Il y a cinquante ans, le monde était plus simple, bipolaire entre l'Occident et la sphère communiste. Aujourd'hui, l'adversaire est plus confus, l'Iran, l'Afghanistan. Comment réagir ?
La fin du communisme n'a pas fait disparaître les problèmes, ils sont simplement autres. La guerre froide était un système horrifiant, permettant jusqu'à un certain degré de prévoir l'attitude et les réactions de l'adversaire ; en tout cas, cela nous paraît ainsi dans la rétrospective.

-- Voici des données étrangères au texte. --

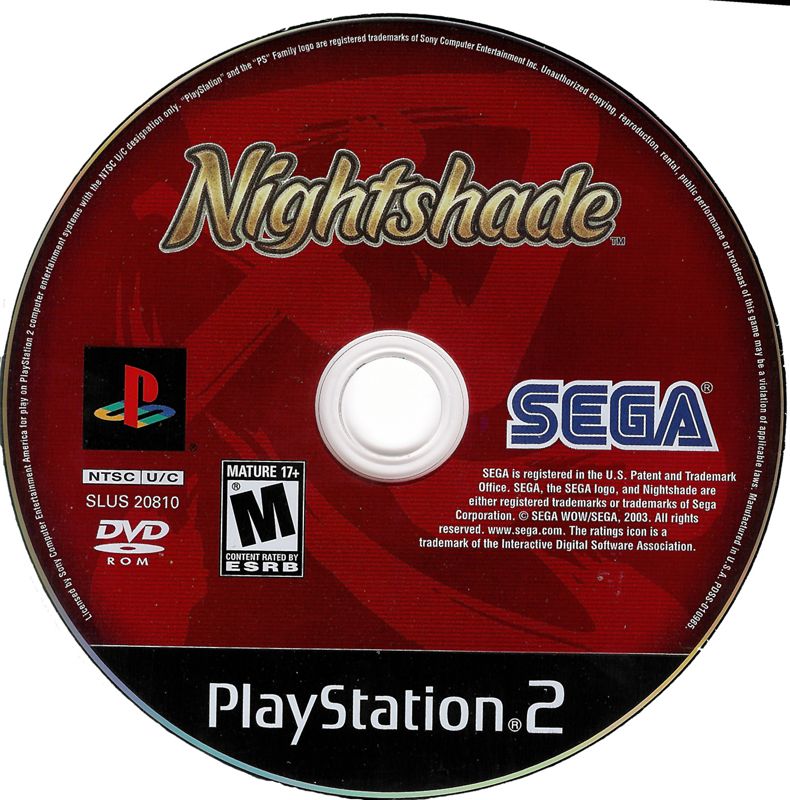 Nightshade - PlayStation 2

Mais maintenant, nous sommes confrontés à des êtres humains qui sont prêts à sacrifier leur propre vie pour entraîner d'autres dans la mort et intimider des États entiers.
Dans les nouveaux États membres, on assiste à des poussées populistes. Cela vous inquiète-t-il ?
Nous devons de manière générale combattre toute forme de populisme ou d'antisémitisme. Tolérance zéro à l'égard de toute intolérance.
Mais il faut évaluer chaque cas spécifique. Au lendemain de la guerre, l'Allemagne avait, elle aussi, un paysage politique étiolé. Tout cela évoluera chez nos partenaires. Personne n'est à l'abri d'une crise, et il ne s'agit pas de donner des leçons à qui que ce soit. L'important, c'est qu'au moment d'un changement de gouvernement, l'équipe nouvellement élue ne remette pas tout en question. C'est essentiel pour la continuité de l'Union.
Il faut dire qu'avec nos nouveaux partenaires nous n'avons jamais eu l'occasion d'un échange de vues sur les bases et les visions de l'UE. Les Conseils européens s'en tiennent à l'ordre du jour, il n'y a pas moyen de prendre du recul. Pourtant, je suis sûre que certaines de leurs expériences ont une grande valeur pour nous tous. C'est un aspect qui n'est pas assez perçu.
Jacques Chirac participera la semaine prochaine à Berlin à son dernier sommet européen. Votre bilan ?
Par rapport à la longue vie politique de Jacques Chirac, le bout de chemin que nous avons fait ensemble est court, mais il a été intense. J'aime travailler avec lui, car avec lui on peut se fier à ce qui a été convenu. Il sait que dans le fonctionnement de l'Europe on ne peut pas imposer ses vues, qu'il y a une tradition du donnant-donnant, qu'il faut respecter les autres. La coopération amicale avec lui a été enrichissante, quoique parfois difficile. Je resterai attachée à cette relation.
Quant aux rapports franco-allemands, ils gardent toute leur importance. Chaque fois que nos pays se sont opposés, cela n'a pas été bon pour l'Europe. Il ne suffit pas pour autant que la France et l'Allemagne soient d'accord pour que l'Europe ait à suivre. Il ne s'agit pas de nous placer au-dessus des autres. Mais la recherche d'une position commune vaudra toujours la peine.
Propos recueillis à Berlin par Pierre Bocev.